Will Smith’s movie about the life of the father of Serena Williams and Venus Williams, which is scheduled to be released in 2021, is facing a multi-million-dollar breach of contract lawsuit in US courts that could shut down production and distribution.
Defendant has not compensated or credited Plaintiffs for the use of such ideas and materials. Accordingly, Defendant has breached, and continues to breach, its implied-in-fact contract with Plaintiffs.

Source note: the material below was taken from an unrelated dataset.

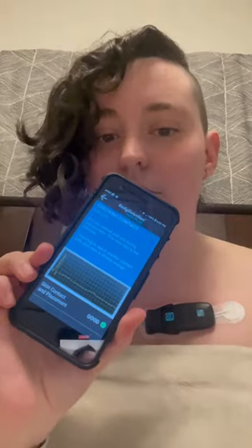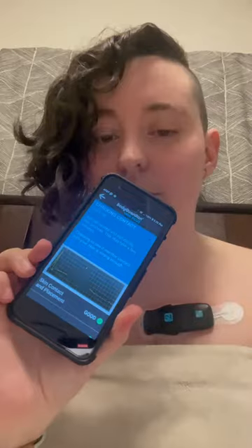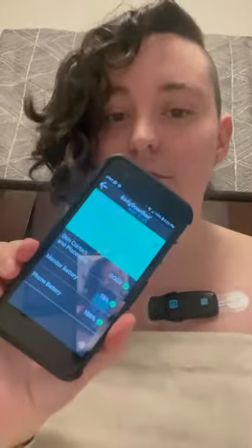This is the Bodyguardian mini strip, and it is a Holter monitor I'll be wearing for 30 days. As you can see here, it's reconnected and I am good to go.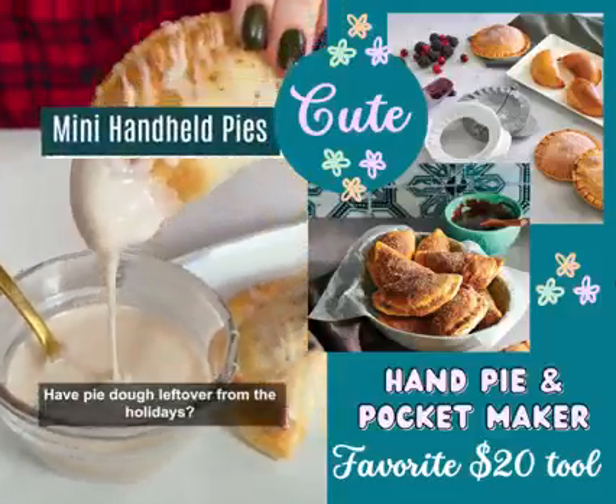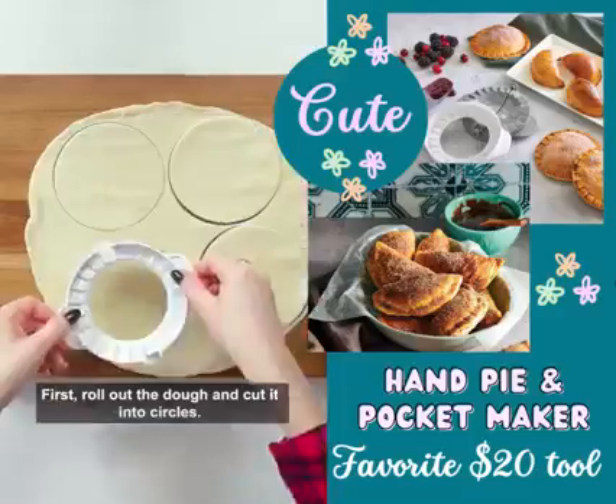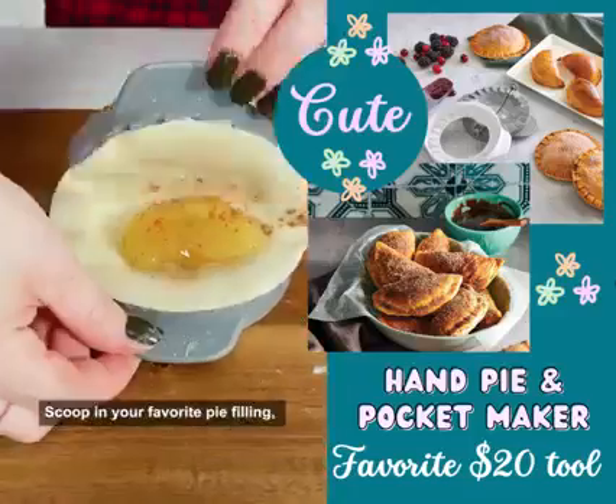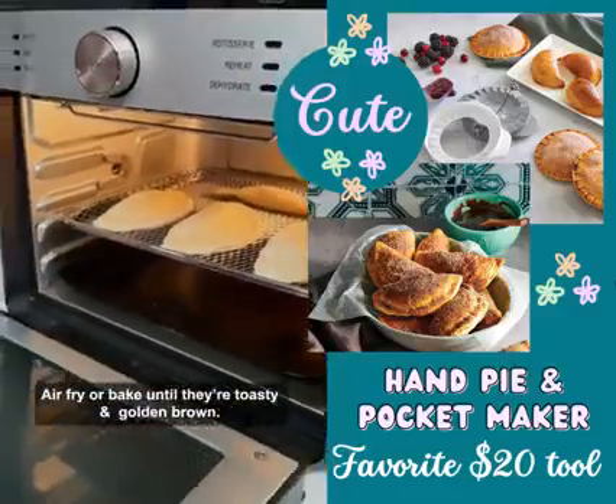You have pie dough left over from the holidays? Turn it into mini handheld pies. First, roll out the dough and cut it into circles. Scoop in your favorite pie filling, seal them up, and poke the top with a fork. Air fry or bake until they're toasty and golden brown.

TW3 and Power Move Multi Media filed complaint
The litigants are calling for ‘an injunction requiring all profits for any project using the Richard Williams Rights to be placed in trust for Plaintiffs’ benefit’.
Reinaldo Marcus Green is directing the motion picture, with Zach Baylin credited as the screenwriter.
Smith is set to star as Richard Williams, who coached his daughters to super-stardom, while the cast also includes Saniyya Sidney (Hidden Figures) as Venus Williams and Demi Singleton (Godfather of Harlem) as Serena Williams.
Along with the AT&T-owned studio, Bad Boys star Smith’s Overbrook Entertainment, Richard Williams himself, his son and sometimes business partner Chavoita Lesane and production company Star Thrower Entertainment and its key executives are also named as defendants in the convoluted lawsuit.
TW3 Entertainment and Power Move Multi Media’s legal dispute over the King Richard biopic is centred around the rights to Richard Williams’ life.
The plaintiffs claim in the suit they bought the rights to Williams’ book for a mere $10,000 three years ago from Lesane, who was also involved in an initial draft of a script for the project.
“This case presents an unfortunate and tawdry situation: the cold and calculating misappropriation and interference with Plaintiffs’ intellectual property,” says the complaint from TW3 Entertainment and Power Move Multi Media filed in LA Superior Court on Tuesday against Smith’s loan out company and Warner Bros, among others, over the Reinaldo Marcus Green directed film.
“Plaintiffs’ good faith and contractually protected efforts to bring an amazing story into visual art form were met with Defendants’ greed and disregard for Plaintiff’s existing rights.”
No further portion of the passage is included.